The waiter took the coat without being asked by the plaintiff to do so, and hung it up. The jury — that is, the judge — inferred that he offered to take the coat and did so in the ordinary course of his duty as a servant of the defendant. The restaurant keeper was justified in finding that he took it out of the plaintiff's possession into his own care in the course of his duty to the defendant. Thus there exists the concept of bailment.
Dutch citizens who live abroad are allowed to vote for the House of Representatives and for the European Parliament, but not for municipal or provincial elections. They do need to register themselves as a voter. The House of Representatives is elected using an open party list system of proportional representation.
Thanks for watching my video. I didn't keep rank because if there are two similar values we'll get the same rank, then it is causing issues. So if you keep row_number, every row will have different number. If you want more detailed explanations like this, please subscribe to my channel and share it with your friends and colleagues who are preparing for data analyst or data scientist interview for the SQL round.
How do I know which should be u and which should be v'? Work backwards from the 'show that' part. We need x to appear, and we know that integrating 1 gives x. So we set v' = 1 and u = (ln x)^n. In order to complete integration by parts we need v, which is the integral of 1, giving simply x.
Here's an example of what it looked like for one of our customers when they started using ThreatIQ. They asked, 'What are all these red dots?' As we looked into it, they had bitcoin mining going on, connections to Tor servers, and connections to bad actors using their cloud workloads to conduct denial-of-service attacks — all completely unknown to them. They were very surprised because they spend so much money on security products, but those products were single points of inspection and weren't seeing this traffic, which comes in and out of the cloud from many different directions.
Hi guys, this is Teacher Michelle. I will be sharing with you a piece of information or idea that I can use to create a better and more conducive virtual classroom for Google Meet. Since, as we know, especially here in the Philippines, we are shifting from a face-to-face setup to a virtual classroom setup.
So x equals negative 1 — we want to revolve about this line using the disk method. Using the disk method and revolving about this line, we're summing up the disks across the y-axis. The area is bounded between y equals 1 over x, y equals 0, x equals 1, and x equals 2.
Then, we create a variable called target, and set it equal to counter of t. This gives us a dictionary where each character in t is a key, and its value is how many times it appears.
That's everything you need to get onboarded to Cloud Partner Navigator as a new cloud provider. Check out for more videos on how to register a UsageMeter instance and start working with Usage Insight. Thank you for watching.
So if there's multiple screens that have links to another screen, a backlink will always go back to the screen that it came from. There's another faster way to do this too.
* * *
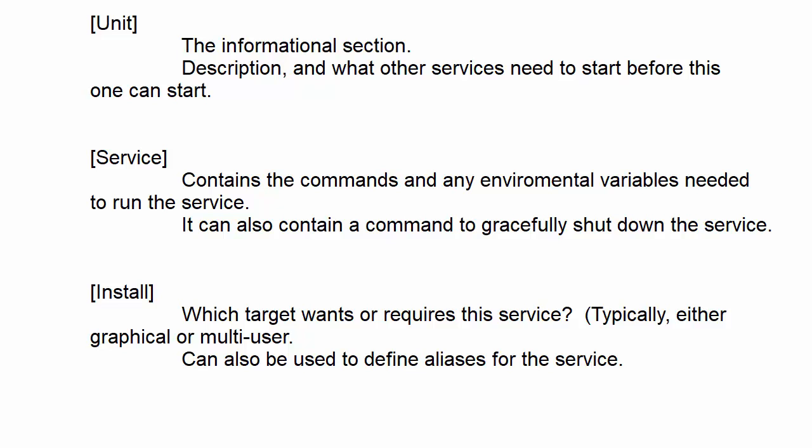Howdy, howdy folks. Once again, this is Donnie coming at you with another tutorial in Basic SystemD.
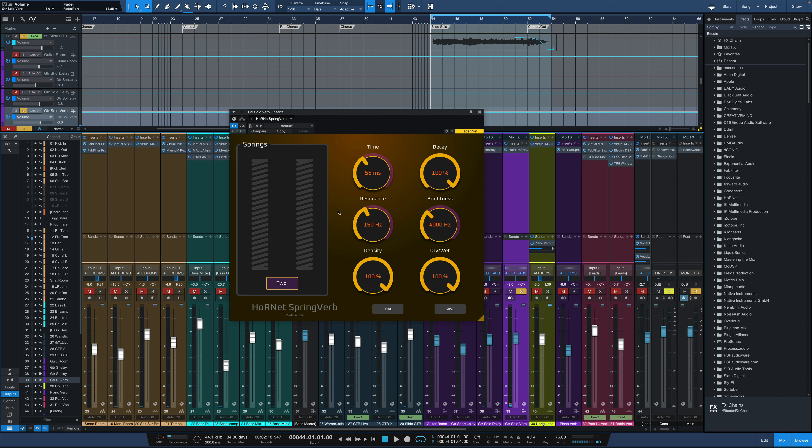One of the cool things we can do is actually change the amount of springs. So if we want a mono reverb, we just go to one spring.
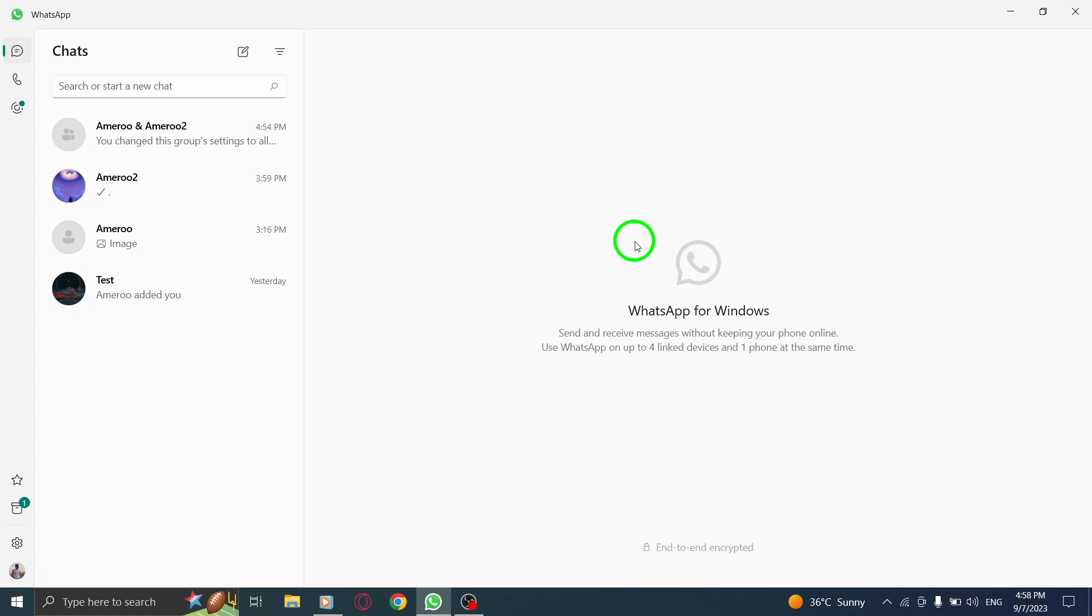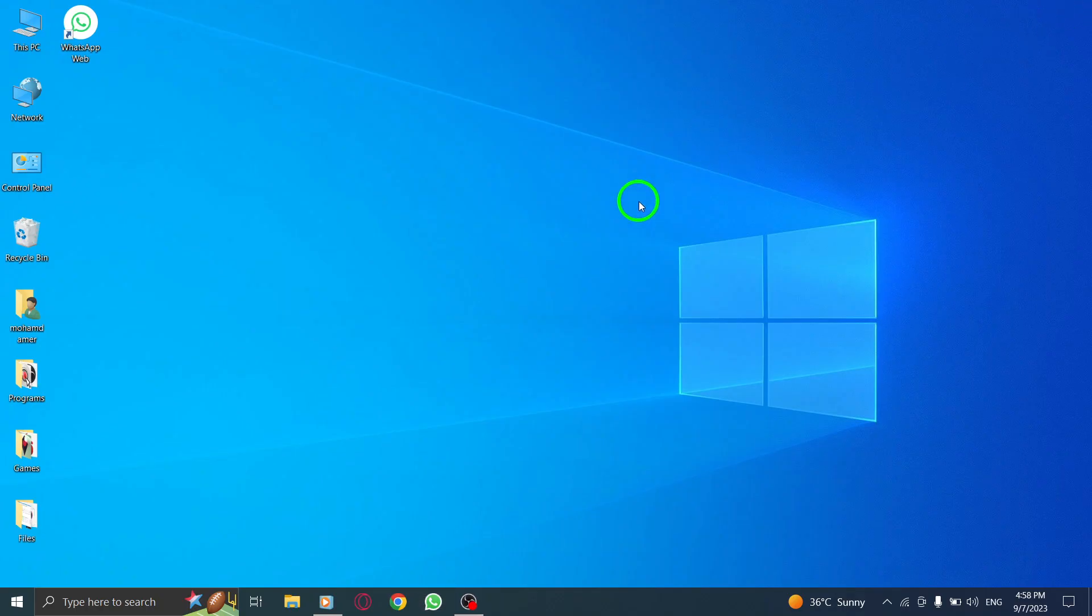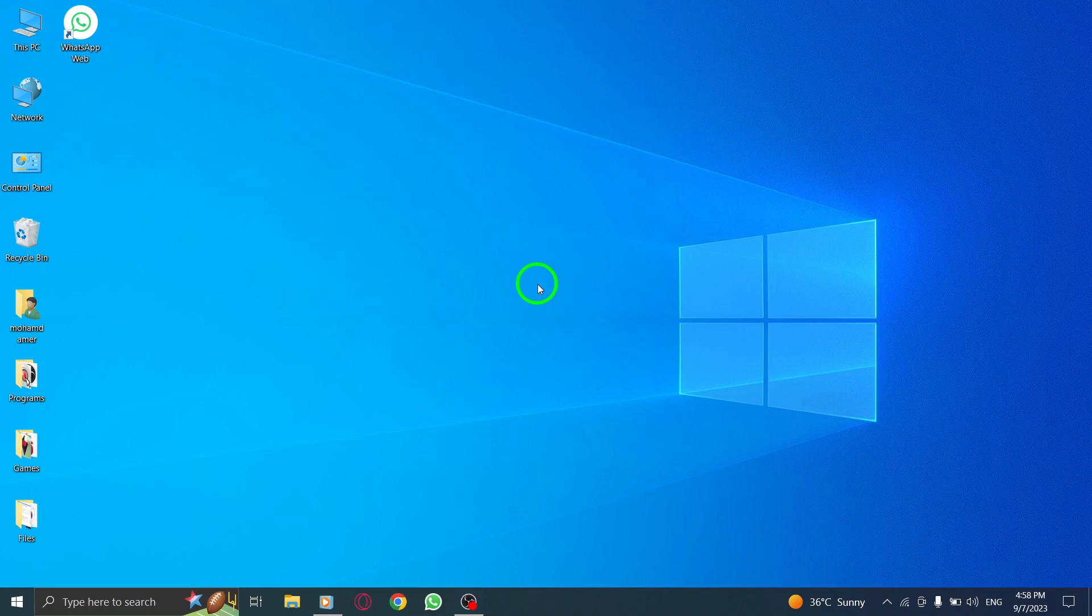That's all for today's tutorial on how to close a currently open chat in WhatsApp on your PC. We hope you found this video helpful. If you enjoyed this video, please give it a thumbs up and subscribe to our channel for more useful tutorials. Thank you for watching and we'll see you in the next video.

REQUIRED WORK
Within the material above, copy exactly the lines from the line that holds "Then, we create" up to and including the line that holds "So if there's".

ANSWER SECTION
Then, we create a variable called target, and set it equal to counter of t. This gives us a dictionary where each character in t is a key, and its value is how many times it appears.
That's everything you need to get onboarded to Cloud Partner Navigator as a new cloud provider. Check out for more videos on how to register a UsageMeter instance and start working with Usage Insight. Thank you for watching.
So if there's multiple screens that have links to another screen, a backlink will always go back to the screen that it came from. There's another faster way to do this too.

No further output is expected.